I've also been involved with many problems that owners didn't even know they had. Most owners today are really stupid when it comes to their cars and it's getting worse real fast because of all the complicated, unreliable, unnecessary technology in use today. I've seen brake pedals that go to the floor after the brakes have been grinding for two weeks. The piston fell out, the car was still stopping with only two of the four brakes working, the warning light had been on most of those two weeks, and the owner thought the problem went away because it wasn't grinding any more. When she took the car in for an oil change, they told her about the brakes that had fallen apart and the high cost of repair due to her neglect. She became angry that they would try to rip her off and called them every name in the book. The mechanic didn't do anything wrong except try to look out for the owner's best interest. In return she is spreading false rumors about that shop. You are doing the same thing, aap34798, when you don't have a clue as to what happened.

Liono1966, the first thing to do is take the car back to the first shop and allow them to inspect their work and correct any mistakes. Next, ask for a written estimate for any additional repairs they are recommending. Reputable shops will often allow the mechanic to show you what's wrong and explain why the repairs are needed. The problem with that is very often mechanics are not good at putting things into terms owners can understand. Service advisors are good at talking with owners but often get confused when talking with the mechanic so things can get lost in translation. That is not an intent to defraud. It's just what happens when people talk about subjects in which they are not educated.

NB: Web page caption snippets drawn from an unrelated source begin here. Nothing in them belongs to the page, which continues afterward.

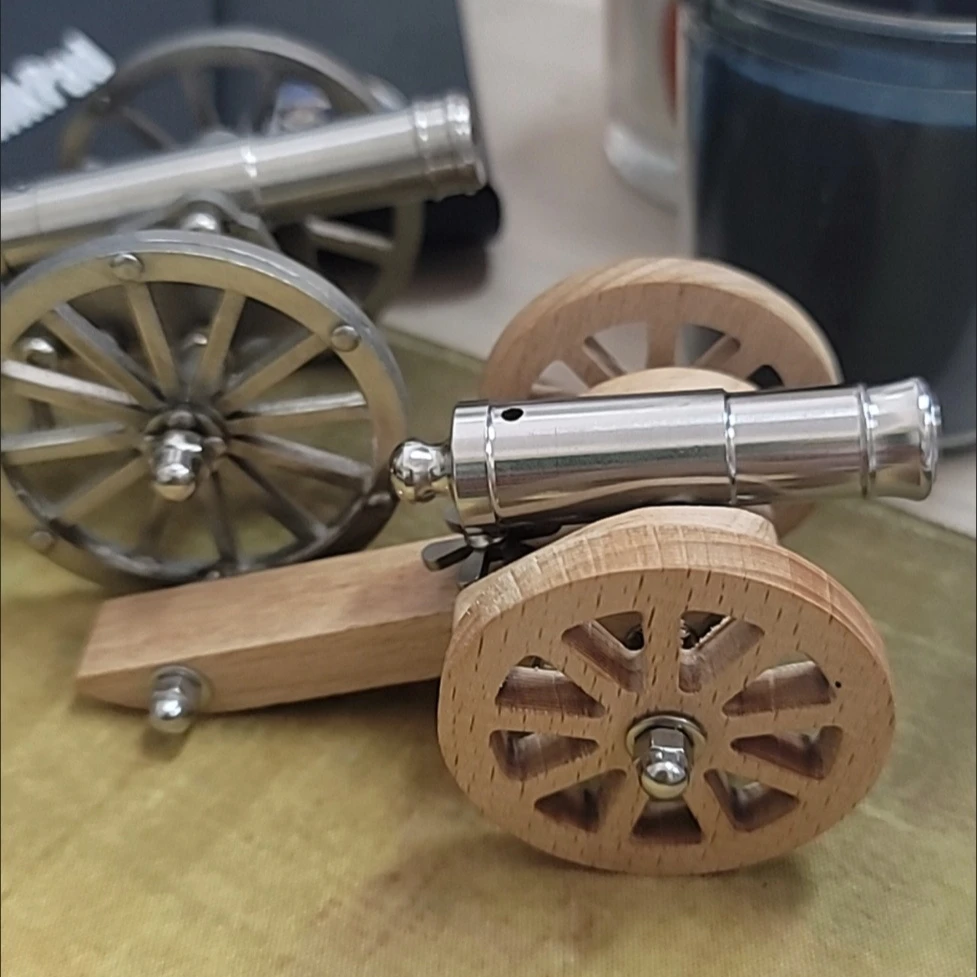 

Stainless Steel Mini Napoleon Cannon Model, Beech Wood, Military Enthusiast Ornament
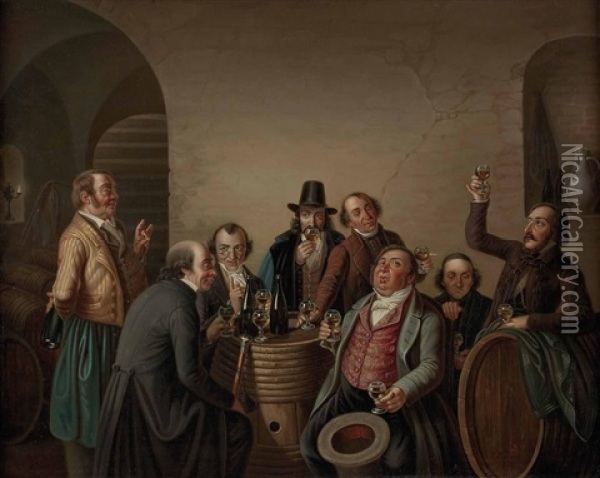 Die Weinverkostung Oil Painting - Peter Michael Bohun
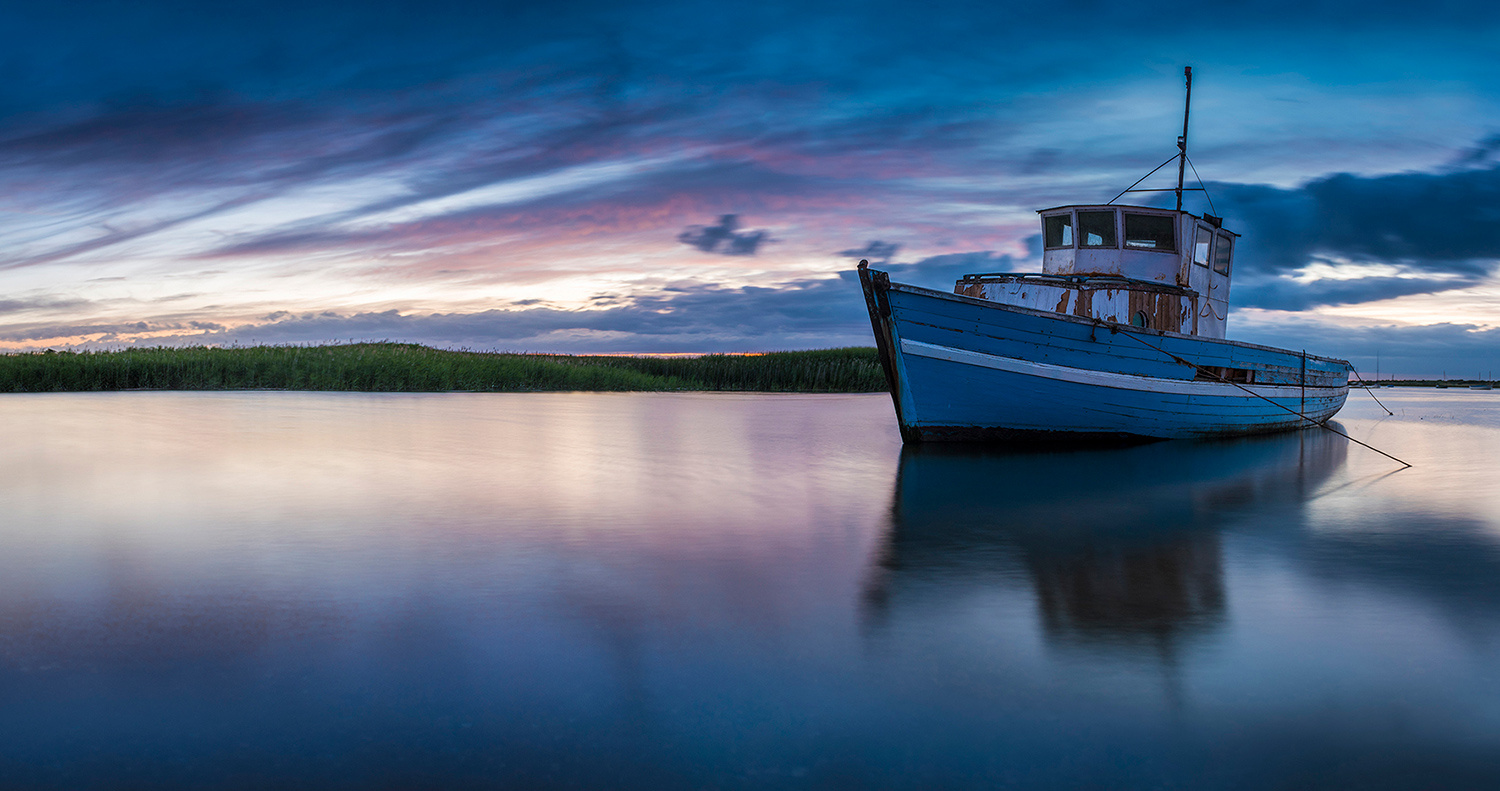 Blue Boat at Dusk, Brancaster Staithe by Matthew Usher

The first mistake was self-diagnosing the popping noise. Worn cv joints will often make a noticeable clicking noise when you turn and accelerate forward or backward. They rarely make noise when driving straight ahead unless they are about to fall apart after months or years of neglect. They don't get that bad in a short period of time. This may not have happened in YOUR case, but something that happens too often is owners bring their car in for service and say "my cv joints are making noise; please fix it". Good service advisers know to not put that on the repair order. Rather, you should explain there is a noise, and let the mechanic diagnose it. In the first scenario, they are going to repair or replace what you diagnosed which might be right or wrong. Too often they will perform the requested service and fail to look further for any other problems. The more in-depth inspection takes place after you return when the service didn't solve the problem. That's when they find worn brake pads that will start grinding metal on metal very soon. That's when they find other worn steering or suspension parts; and that's when they check for the less common, low-failure items.

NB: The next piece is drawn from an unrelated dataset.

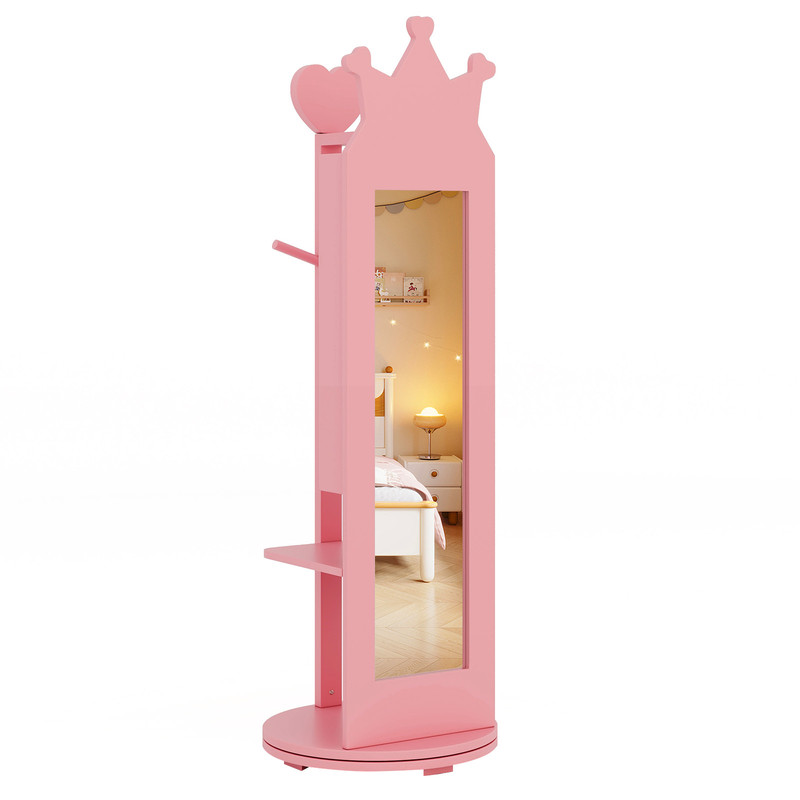FreeStanding Full Length Mirror Kids Jewelry Armoire Cabinet With Rotating Base Storage Racks Full 7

Add to this the cars that are only repaired by do-it-yourselfers. As a former instructor, I have nothing but admiration for people who try to do their own repairs, ... As long as they understand what to look for, what is good enough and what is serious, and what they can accidentally do to compromise safety or parts reliability. Every day on this site I read about problems people caused to their own cars that could have easily been avoided if they knew the proper procedures to follow. I also read about stories from people who understand when it's time to call in the professionals. Those are the cars that usually have a lot of problems, some potentially serious, that have been ignored or undiagnosed, so of course there is going to be a huge list of recommendations when they do finally end up in the shop. Cars that make regular trips to a mechanic usually have these problems noticed and taken care of before they become bigger problems.

Here's one common example: Eventually your brake pads will wear down and the metal backing plates will grind on the steel rotors and ruin them. New rotors add to the cost beyond that of a standard brake job. Instead of changing your own oil, if you take it to a shop or one of those Speedy Lube places, they might recommend you have the brake system inspected soon BEFORE that additional damage occurs. They never looked at your brakes so how did they know to recommend that? They might not even do brake work there, but they had your best interest at heart when they made the recommendation.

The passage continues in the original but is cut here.